- [SUPPLIED DATA]

--*--

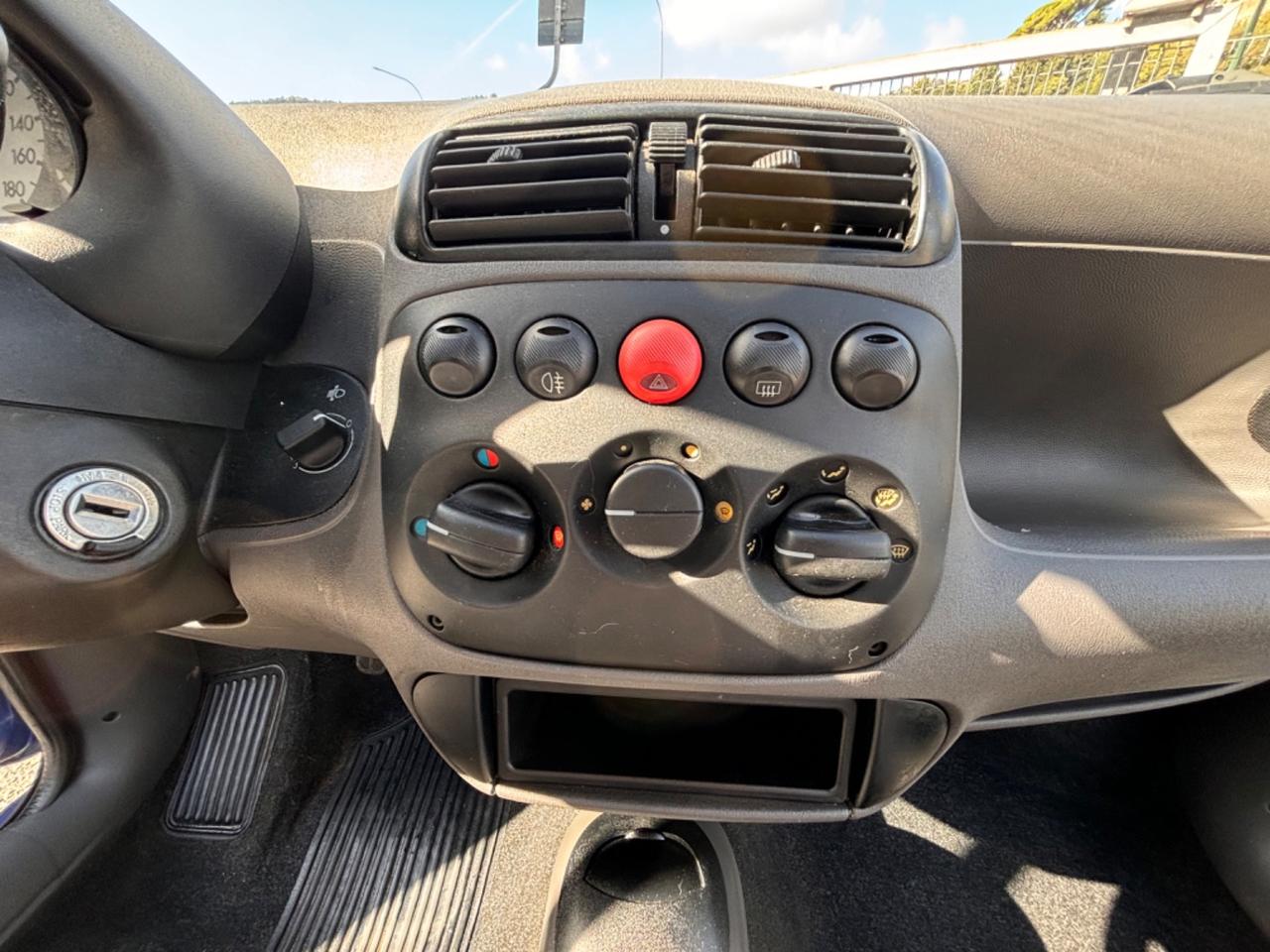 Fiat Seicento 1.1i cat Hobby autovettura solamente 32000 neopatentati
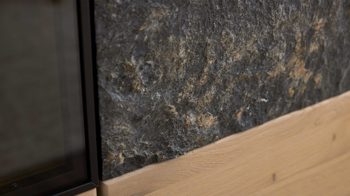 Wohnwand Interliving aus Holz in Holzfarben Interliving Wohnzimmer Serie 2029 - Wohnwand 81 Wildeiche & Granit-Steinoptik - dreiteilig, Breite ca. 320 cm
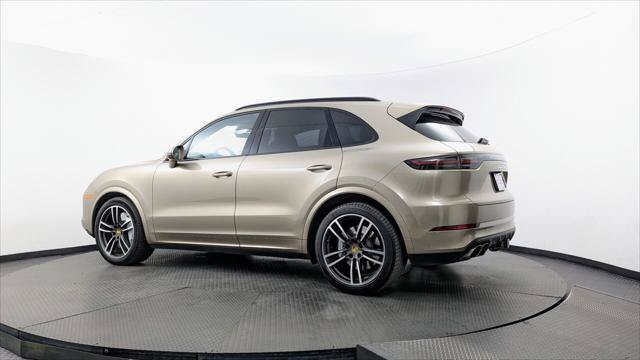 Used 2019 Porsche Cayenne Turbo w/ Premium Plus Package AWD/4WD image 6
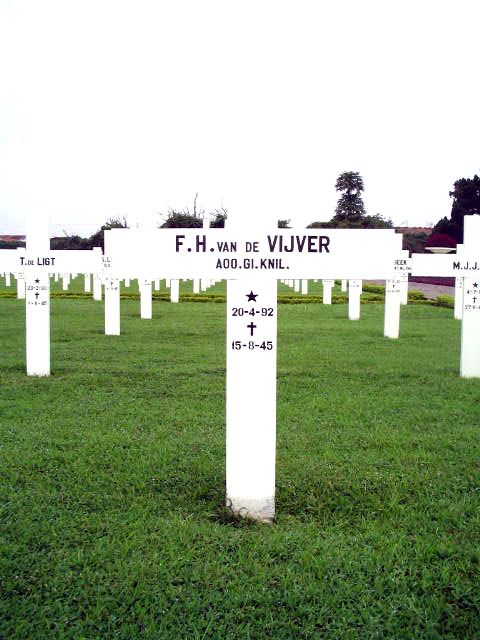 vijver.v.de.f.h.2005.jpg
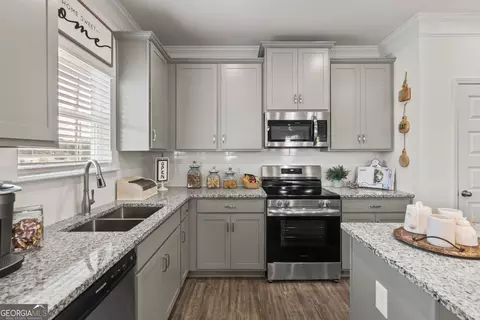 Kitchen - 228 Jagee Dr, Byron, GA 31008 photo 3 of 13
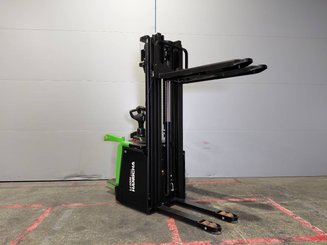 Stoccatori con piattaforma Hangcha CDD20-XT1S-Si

--*--

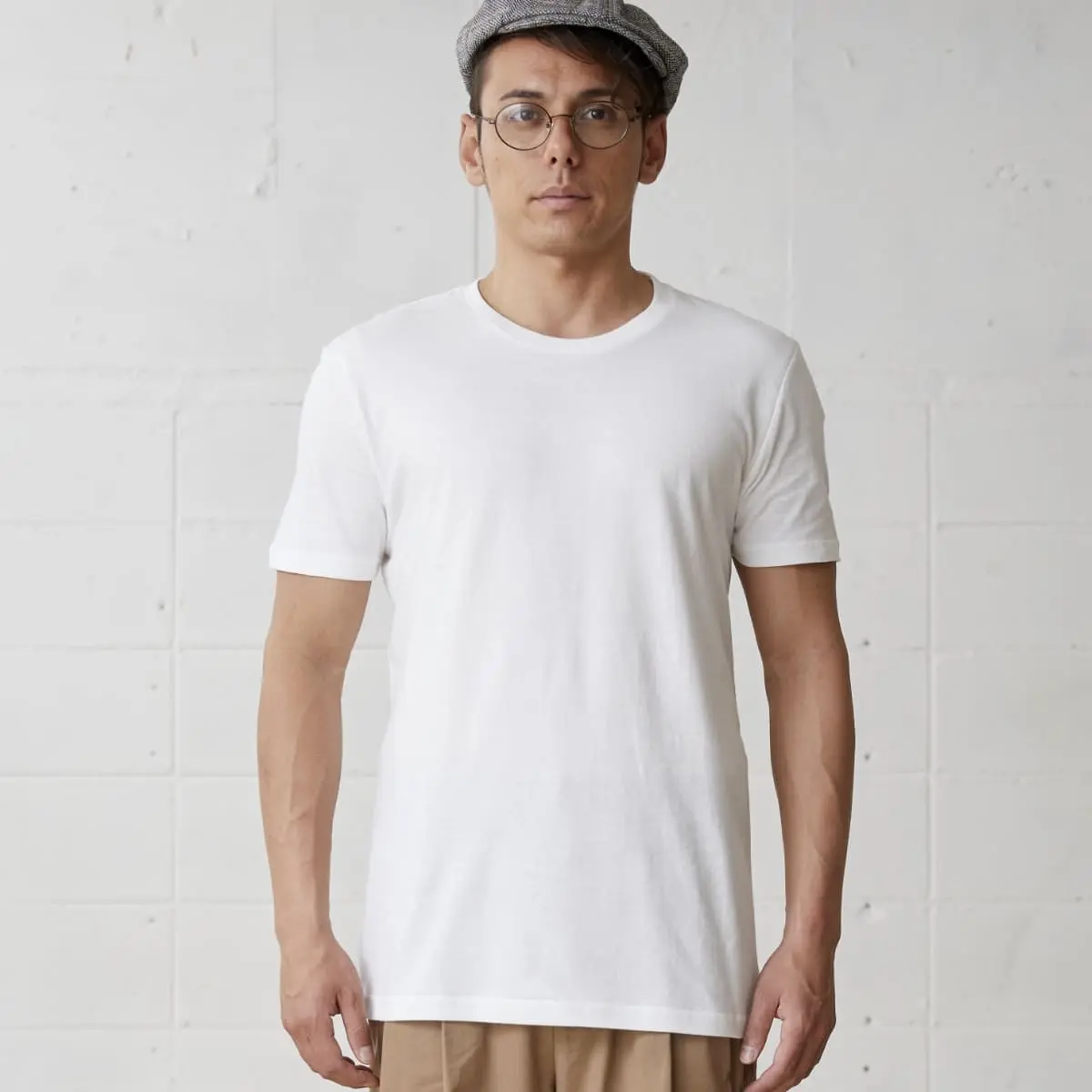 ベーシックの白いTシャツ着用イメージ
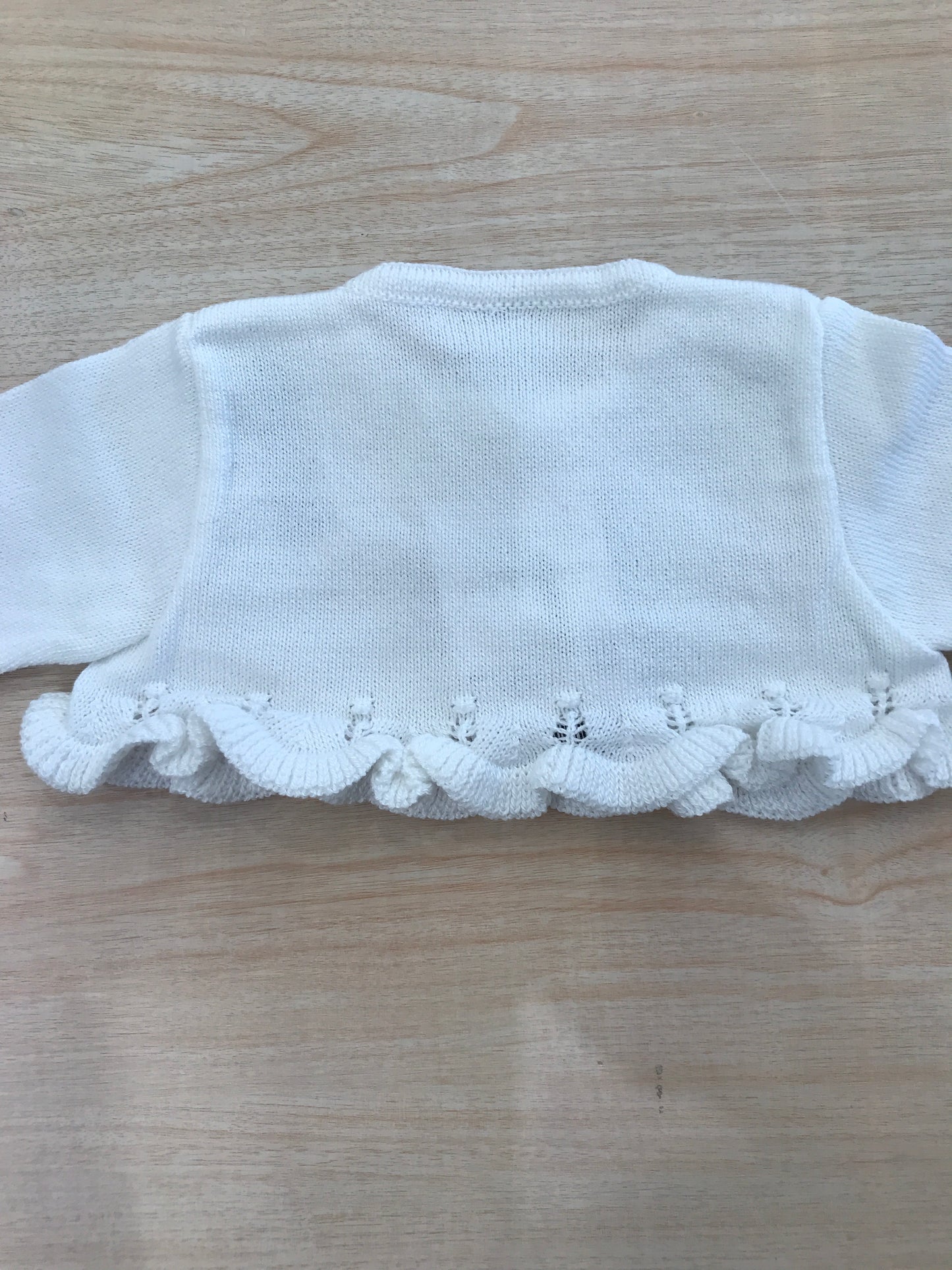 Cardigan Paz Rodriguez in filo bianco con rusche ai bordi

--*--

- [THE TASK] Of the lines above, copy only those from the one holding "Fiat Seicento 1.1i" to the one holding "Stoccatori con piattaforma", both included, and exclude every image.

- [EXERCISE RESPONSE]
 Fiat Seicento 1.1i cat Hobby autovettura solamente 32000 neopatentati
 Wohnwand Interliving aus Holz in Holzfarben Interliving Wohnzimmer Serie 2029 - Wohnwand 81 Wildeiche & Granit-Steinoptik - dreiteilig, Breite ca. 320 cm
 Used 2019 Porsche Cayenne Turbo w/ Premium Plus Package AWD/4WD image 6
 vijver.v.de.f.h.2005.jpg
 Kitchen - 228 Jagee Dr, Byron, GA 31008 photo 3 of 13
 Stoccatori con piattaforma Hangcha CDD20-XT1S-Si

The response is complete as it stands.